First flown on October 12th, 1976 the "S-72" was an experimental, high-speed compound helicopter design by Sikorsky Aircraft. The design, born through the Rotor Systems Research Aircraft (RSRA) project, stemmed from a U.S. Army / NASA venture (with work handled by Sikorsky) seeking to collect high-speed data on helicopter rotor characteristics by way of a combination powerplant arrangement. The end-product involved the Sikorsky S-67 helicopter framework coupled with the Sikorsky S-61 main rotor. Beyond the turboshaft engines used to drive the rotor assemblies, additional power was to be had from a pair of General Electric TF34 turbofans situated along the fuselage sides. A low-set, straight monoplane was fitted under the aircraft while the tail rotor (facing portside) was retained. Just two of the aircraft were completed for testing.
The S-72 carried a crew of two or three and had a length of 70.6 feet with a wingspan of 62 feet and a height of 14.5 feet. Empty weight was 21,700lb and the Maximum Take-Off Weight (MTOW) reached 26,050lb. The rotors were powered by a pair of General Electric T58-GE-5 turboshaft engines of 1,400 horsepower each and the turbofan installations were 2 x General Electric TF34-GE-400A engines of 9,400lb thrust. Performance specs included a maximum speed of 230 miles per hour with a cruise speed of 160 miles per hour.
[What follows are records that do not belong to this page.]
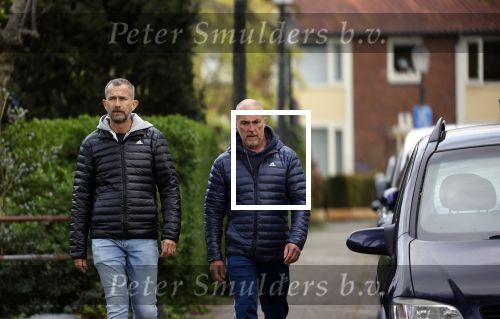 Weesp 14 mei 2021
Rolf Koster met partner in het centrum van Weesp.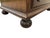 1970s Ethan Allan Charter Oak Jacobean End Table Bachelors Silver Chest Nightstand For Sale - Image 9 of 15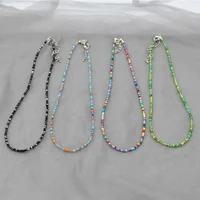 Bohemia Handmade Rainbow Seed Beads Simple Choker Necklace Candy Color Neck Chain Women's Wild Sweet Colorful Collar Jewelry - Image 2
The original S-72 form could be flown with or without the main rotor unit and, due to the uniqueness of the S-72's design, an equally-unique crew ejection system was developed for the compound helicopter to increase survivability of the test pilots. The process involved complete jettison of the main rotor blades via controlled explosives and rockets ejected the crew positions out and away from the fuselage. After a first-flight in 1976 and testing thereafter, NASA received one of the aircraft in February of 1979. Beyond data collection, this model did not progress beyond its experimental design.
An offshoot of the S-72 became the so-called "X-Wing" aircraft which used a rigid main rotor unit (shaped as an "X" over the fuselage) which could be paused by the operator during flight. The aircraft could therefore take-off vertically like a traditional helicopter and then engage forward, high-speed travel with the available turbofan engines, combining the best elements of both aircraft types. Lockheed handled the concept work under DARPA and attention then turned to Sikorsky to modify one of the existing RSRA prototypes for the tests. This product appeared in completed form during 1986 but was not flown for the program was given up for good in 1988.